Он быстро схватился за голову. Потом тяжело задышал по своему обыкновению. Петра уже знает про донос из Питера. Ей сообщили. Он не сомневается, что сообщил Янкелевич. Переслал ей письмо Портновой с коротким комментарием. Что-нибудь вроде того, что «он считает своим долгом, что поскольку его лично это никак не касается, а вот семью Трубецких очень даже касается…». Ну, и так далее.
— Она вам сказала, что знает?
— Сказать не сказала, но я переехал.
— Куда переехал?
— Из спальни к себе. Ну, туда, где компьютер.
— Зачем? Она вас попросила?
— Она не просила, но это не жизнь. Когда один из супругов боится другого супруга задеть даже пальцем… А ночью особенно. Это что, жизнь? — У него увлажнились глаза. — Ужасно! Я на Рождество должен быть в Питере. Меня крайне ждут. А как я уеду? А как объяснить, если я не уеду? Татьяна с ума и так сходит!

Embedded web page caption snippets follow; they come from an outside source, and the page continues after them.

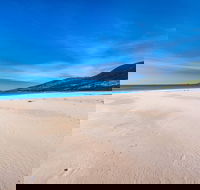 Island Beach - Tweed Heads Accommodation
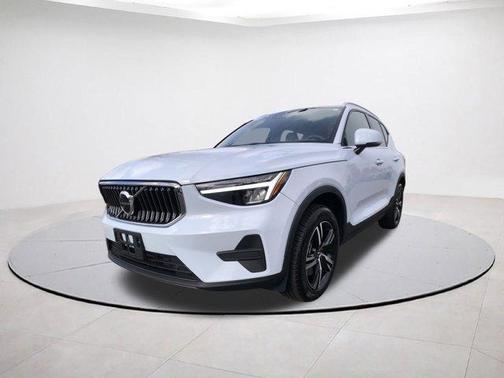 2025 Volvo XC40 B5 Core Bright Theme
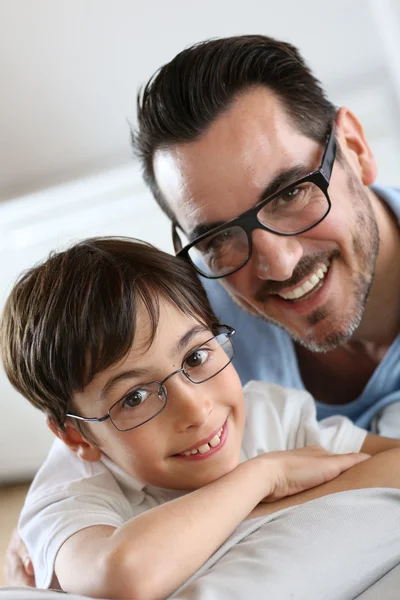 Портрет хлопчика з татом з окулярами на — стокове фото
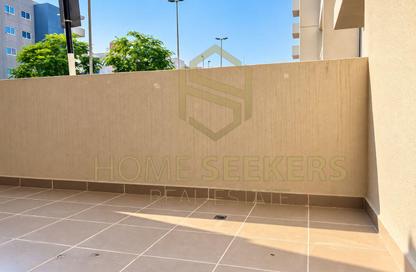 Apartment - Studio - 1 for rent in Tower 8 - Al Reef Downtown - Al Reef - Abu Dhabi Apartment - Studio - 1 for rent in Tower 8 - Al Reef Downtown - Al Reef - Abu Dhabi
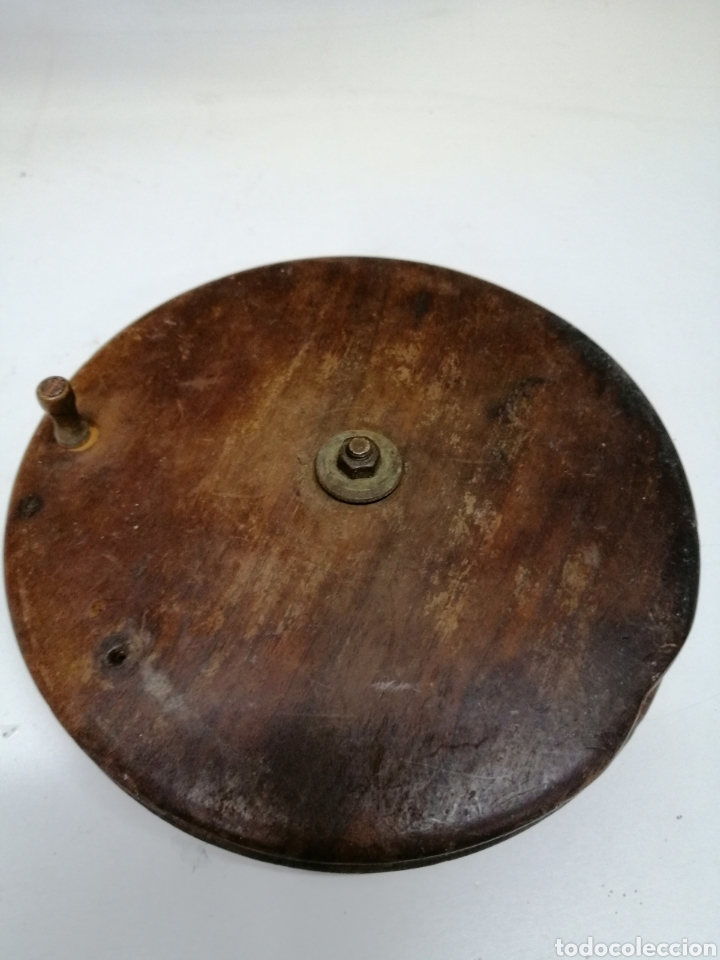 Coleccionismo deportivo: Antiguo Carrete de madera y bronce - Foto 7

Внезапно Даша поймала на его лице странное выражение. Из огорченного и удивленного большое лицо Трубецкого вдруг стало торжественным, хитрым, веселым. Она поняла, почему. Поскольку его вот так любят. Почти как в гареме. Жизнь Званская, вот что. Сижу, неуклюжий, штаны залоснились, а две чудные женщины бьются, как рыбки. Да, бьются. Не спят, плачут, стонут. Любовь не капуста. А что Янкелевич? Подумаешь, франт, в черной бабочке ходит! И что тут? Кому его бабочка в радость? Жена сколько лет истерией болеет! Такие болезни не бабочкой лечат.
— Что вы собираетесь делать? — спросила Даша
— Как — что? Надо драться. Решительно драться. Я буду как этот купец… как его? А, Калашников, вот кто!
— Калашников?! — удивилась Даша.
— А кто же еще? Врукопашную, вот как. Раз он объявил мне войну, что осталось? Вы верите в то, что наш lieber профессор желает оттяпать себе эту кафедру? Да он же лентяй, он не любит работать! Зачем ему кафедра? Деньги? Не деньги! Какие там деньги! Не в кафедре дело, в его самолюбии! И в женщинах тоже! Да, в женщинах, в бабах!